New Tariff Hurdles for US-India Trade Deal
The upcoming June 1-4 visit by U.S. negotiators is a critical moment for economic talks between the two nations. While the goal is to finalize an interim trade deal, recent U.S. policy changes have complicated the framework agreed upon in February. The introduction of a universal 10% tariff on all imports in late February has made it difficult to proceed with earlier tariff reduction offers. The U.S. delegation, led by Brendan Lynch, must find a way to adjust proposals without causing political problems in either country.

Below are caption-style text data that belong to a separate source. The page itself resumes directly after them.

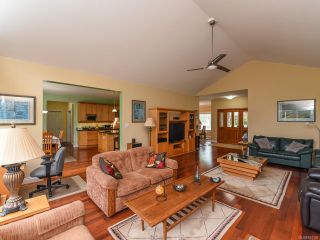 Photo 33: 4648 Montrose Dr in COURTENAY: CV Courtenay South House for sale (Comox Valley)  : MLS®# 840199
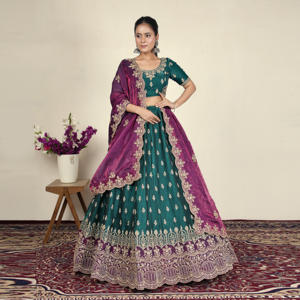 ชุดเฟนดี เลเฮนกา โจลี พร้อมงานปักลายชาติพันธุ์ที่ประณีตและขอบกว้าง |   ผู้ซื้อสินค้าขายส่งชุดงานรื่นเริงและชุดแต่งงานสำหรับผู้หญิง - Product Image 2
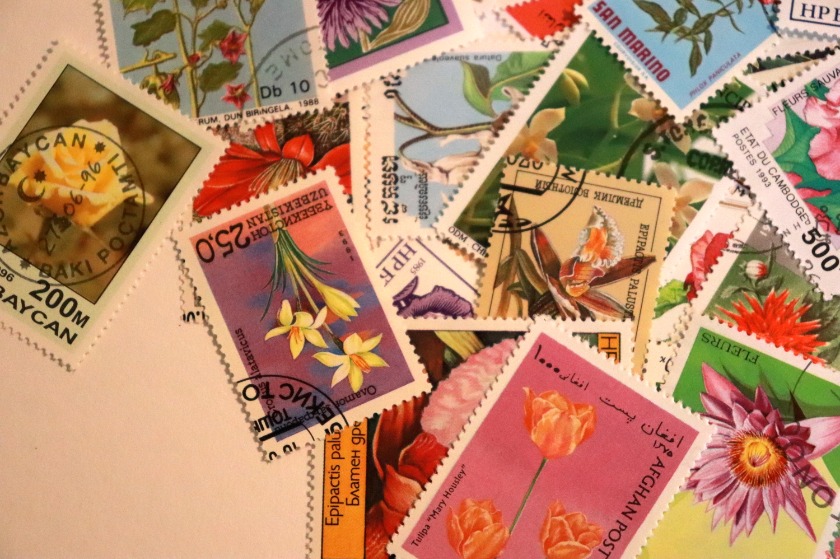 切手趣味週間の大量の切手のイメージ写真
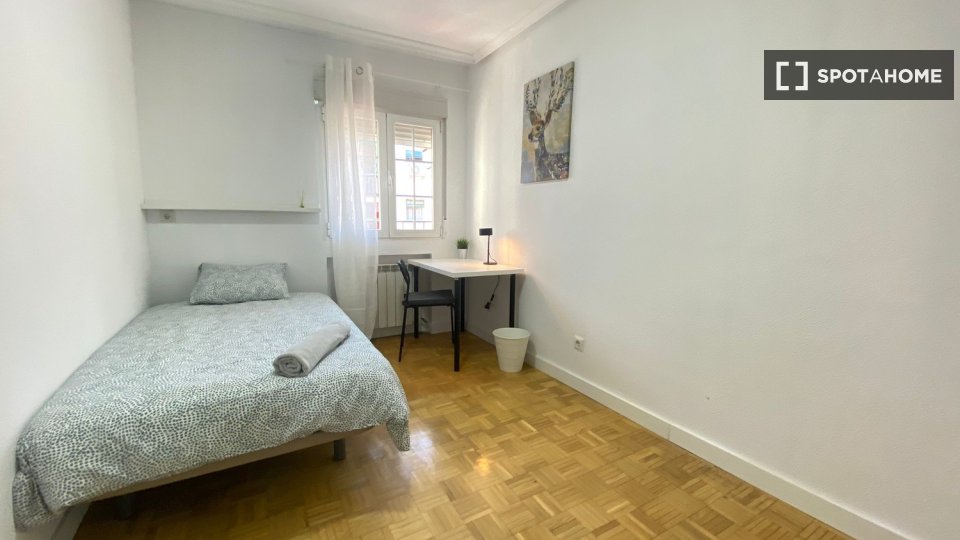 Double room Madrid, 4 beds — photo 10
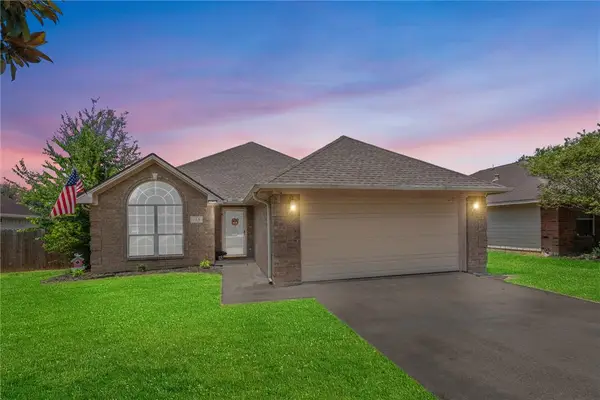 115 Lonesome Dove Drive, Navasota, TX 77868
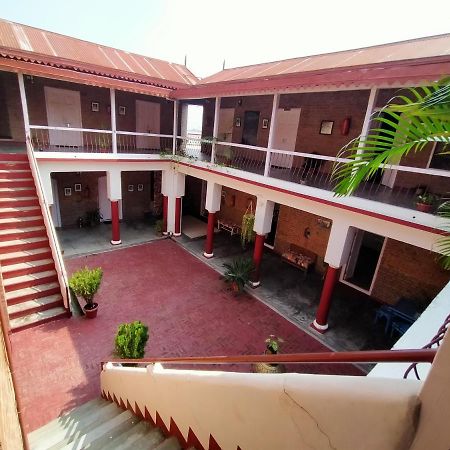 Naurang Yatri Niwas Hotel Garli Bagian luar foto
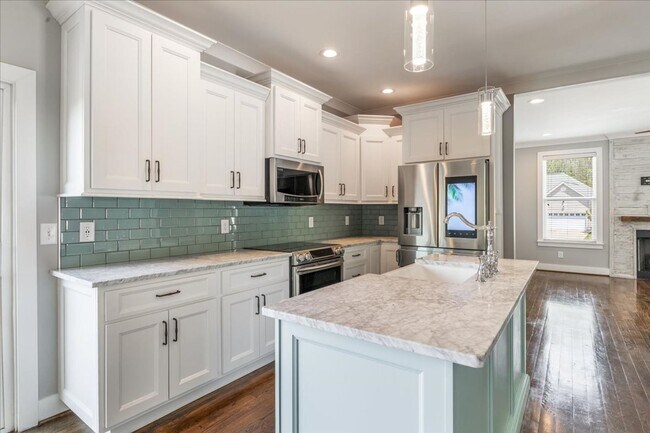 Building Photo - Stunning Home w Million Dollar Views! 4 Be...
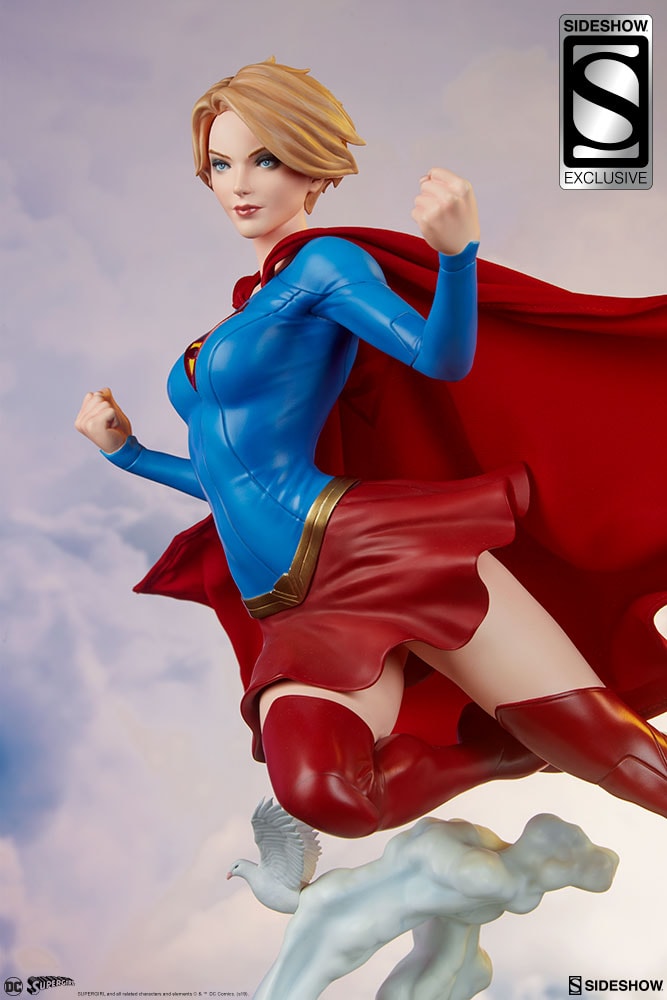 Supergirl Exclusive Edition View 5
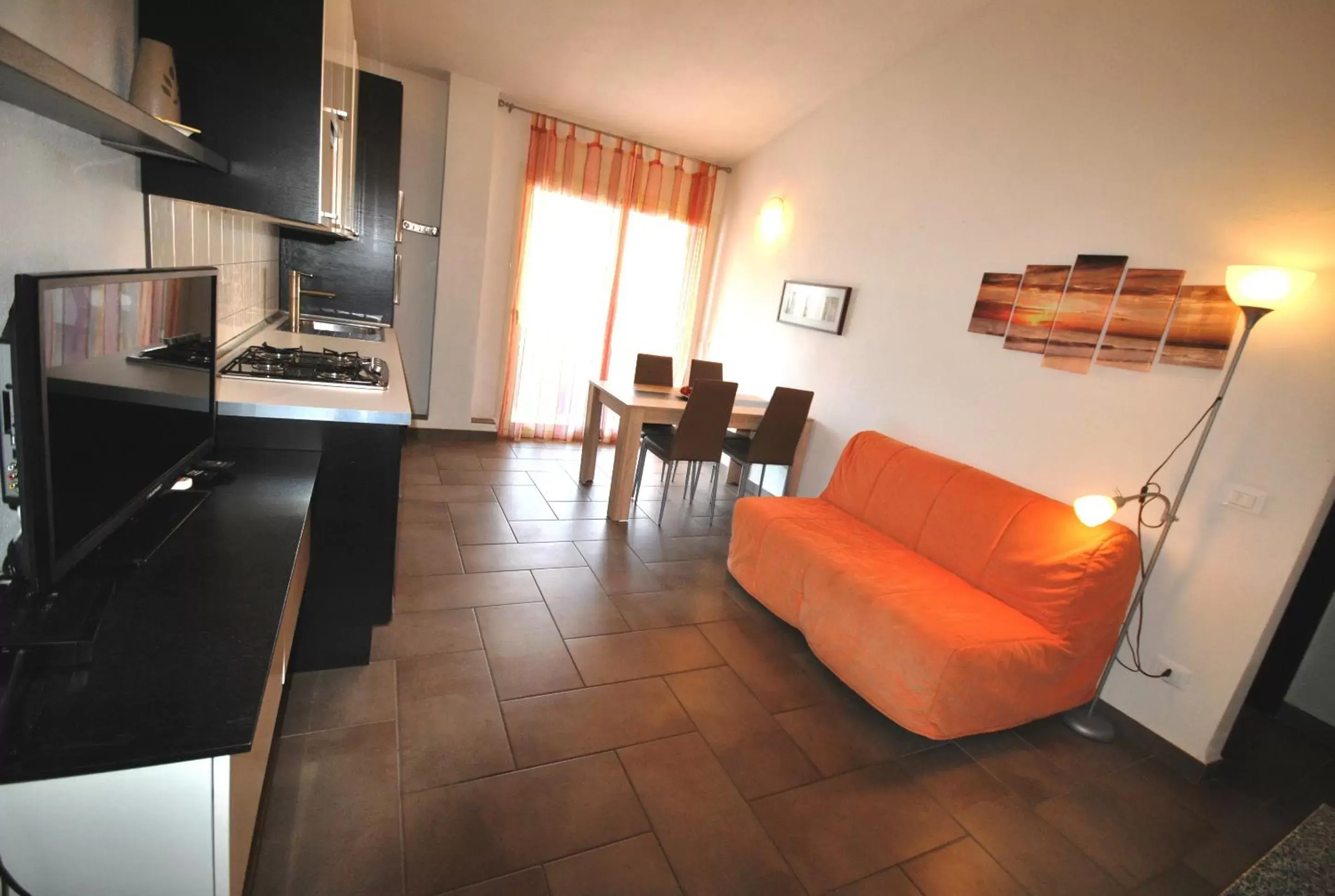 Kitchen or kitchenette, Seating Area in Holiday Residence Rifugio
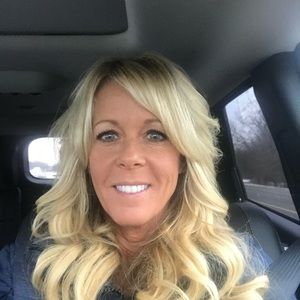 Meet your Posher, Michele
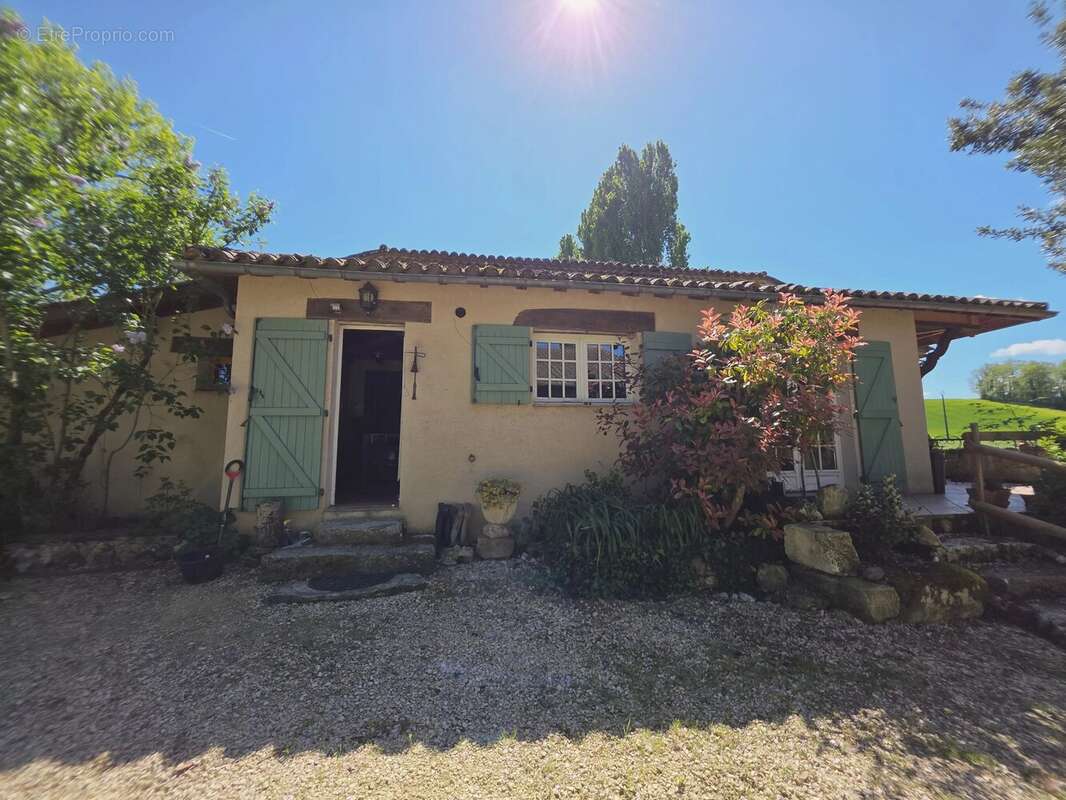 Maison à LAUZUN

Strategic Supply Chains and Security
Beyond tariffs, these discussions reflect a shift in global supply chains towards greater economic security. By establishing a framework for critical minerals, both the U.S. and India aim to reduce reliance on countries like China for refining. This focus on critical minerals is a key strategy for economic safety. India's commitment to spend $500 billion on U.S. energy, aircraft, and technology over the next five years serves as an incentive for the U.S. to offer better market access for Indian agricultural and industrial goods.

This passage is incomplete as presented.